Here it is worth noticing a basic difference in the remit of policy makers. In the US, the Fed is charged with full employment and stable inflation. Everybody knows that if the economy slows down and unemployment rises, the central bank will cut interest rates to boost demand. Equally, it is accepted that the Federal government will spend more and tax less in order to keep the economy going. So individuals in US society know that there is a guarantee from the authorities to maintain demand which maintains employment. That is matched with a resolutely positive tone in describing the fundamentals of the US economy.
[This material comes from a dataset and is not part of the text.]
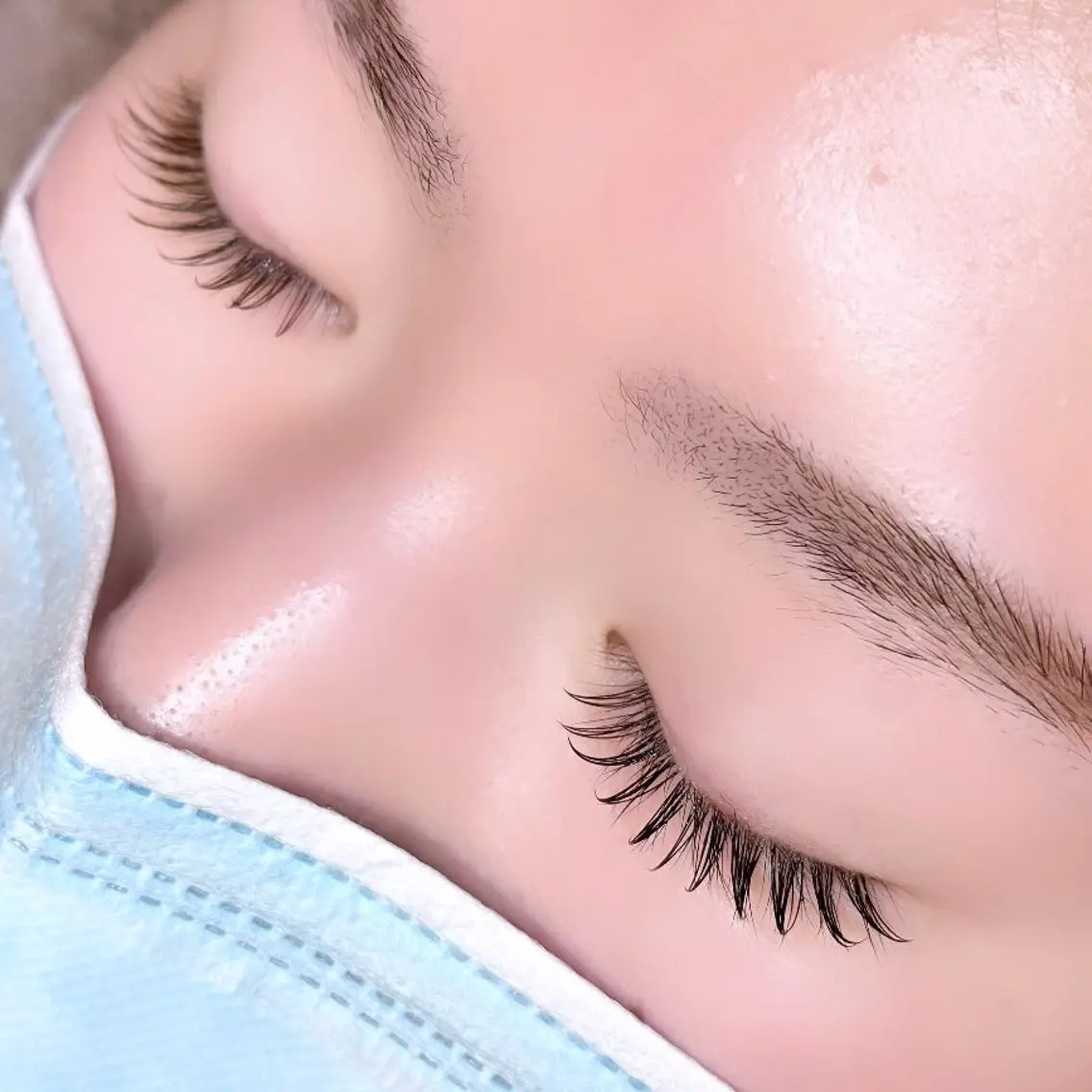 マツエク・マツパ 束感まつ毛 フラットラッシュ ella eyelashのマツエク・マツパデザイン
Contrast that with Europe, where there is no commitment to maintaining full employment, the Central Bank has stated repeatedly that it does not use interest rates to prop up demand and it, along with all the other main voices of economic policy making, maintains a steady drumbeat of pessimism about how little has been achieved, how much the governments have to tighten policy and how urgent it is to start hacking away at pension rights. We have just seen the ECB raise interest rates at the first sign of European recovery. The new German government has announced tax rises to get the deficit below the artificial 3% ceiling which is included in the Maastricht Treaty.
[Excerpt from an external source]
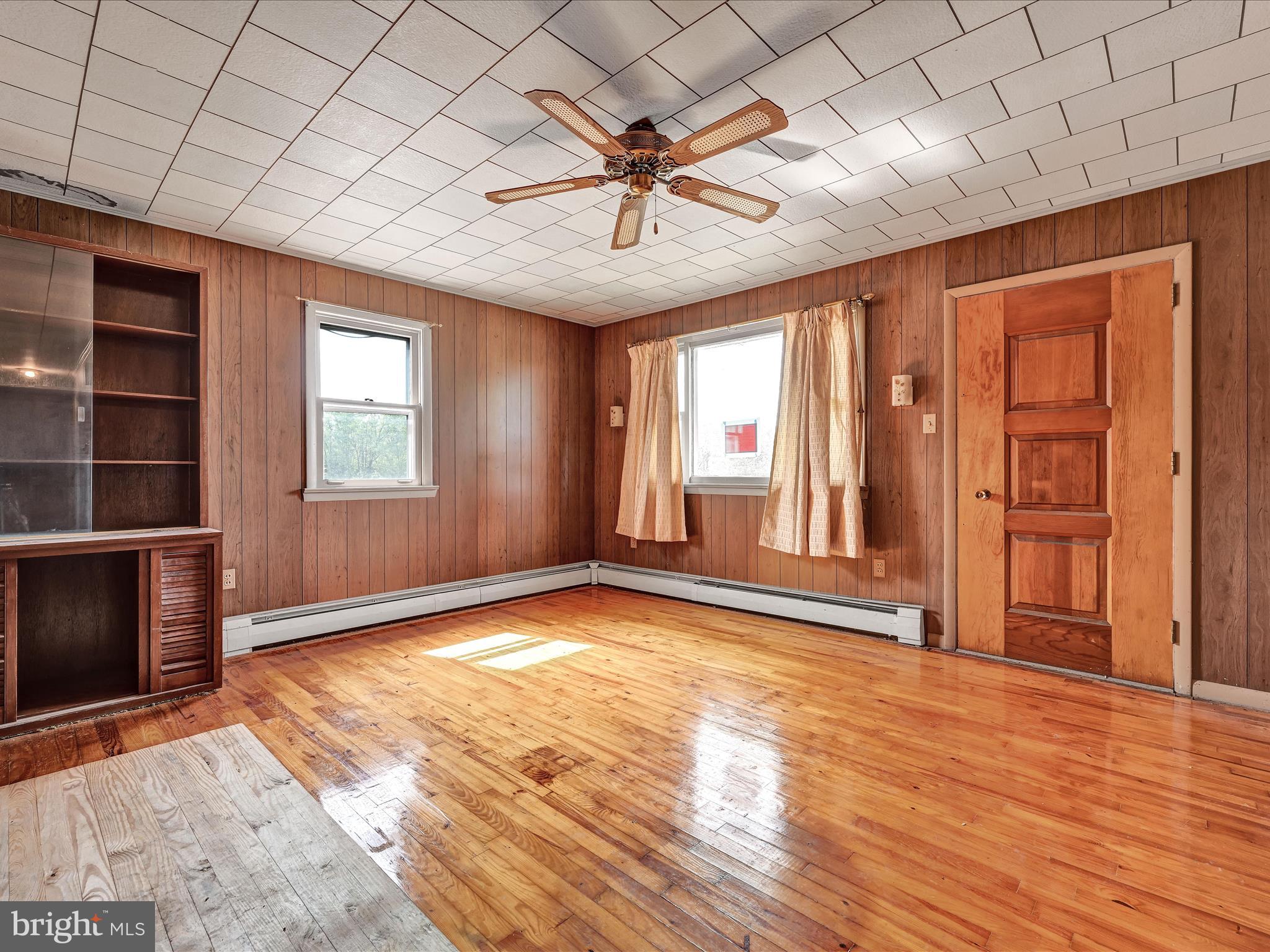 1222 Katterman Hill Road Richland, PA 17087 - Photo 9 of 31 Living Room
So when we see that employment is weak and output is weak, just give a thought to this possibility. If your government’s policy for curing unemployment is to make it easier to sack you, to ensure that if you lose your job you have less compensation and lower benefits, that you pay more taxes now and have to wait longer for a pension which is less than you were promised when you were paying in your contributions: consider, just for a moment, consider the possibility that you won’t rush out to the shops and start spending. And that maybe, just maybe, the people who think they have a policy for European recovery might be wrong.

There’s a newly fashionable tale by Benjamin Franklin swirling round the internet which explains a lot about how America is different from Europe. According to this, the Thanksgiving we know now came about as follows. In the early days of the English colonists in America, they were much prone to lamenting their troubles and praying to God and fasting in the hope of getting his attention. One day, as people were discussing a particularly big Fast and general recital of their woes, someone came up with a different idea.
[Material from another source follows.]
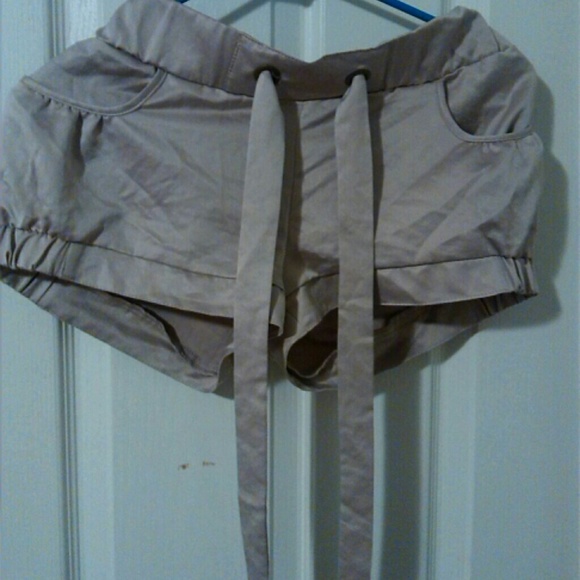 FINAL PRICE  UrbanVibe silky shorts - Picture 1 of 3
Why don’t we stop complaining, say thank You for the fact that we’re here and we’re safe and have a really big feast not a fast to cheer ourselves up.” And that’s how what has now become the world’s biggest shopping festival came about. In the period between Thanksgiving and Christmas, the US retail sector does 20% of its business for the total year. Franklin Delano Roosevelt even changed the date of the Thanksgiving holiday to make sure people had more time to shop. Every year on the day after the holiday itself, the shops are flooded with people and the economy gets its regular annual boost of demand all the way to Christmas.

Obviously it’s the initiative of the private sector which makes this happen. But it is reinforced by the fact that in the US it is official policy to get people to spend money to keep the economy whirring round and to keep people in work. This isn’t only true at Thanksgiving time. The Federal Reserve Bank has as part of its twin mandate the requirement to secure the maximum sustainable rate of employment. It does this by using interest rate policy to boost demand when things get slack. And everybody knows this.

So when business is bad, rates are cut dramatically to encourage people to borrow thereby producing a pick up in activity. Nor is the Fed alone in doing this. Fiscal policy is used aggressively to boost demand in time of weakness. This is the feature of US policy which all too often gets overlooked in the Eurozone as it discusses its economic problems. All too often, the discussion turns into a gloomfest as the litany of Europe’s problems is discussed, making it sound as if Europe has ceased to be able to compete in the world. But on the most obvious measure of ability to compete, selling to the rest of the world, Europe is far more successful than the US or Japan. It is domestic demand in Europe which is the weakness. And that is made worse by the analysis which tries to make it better.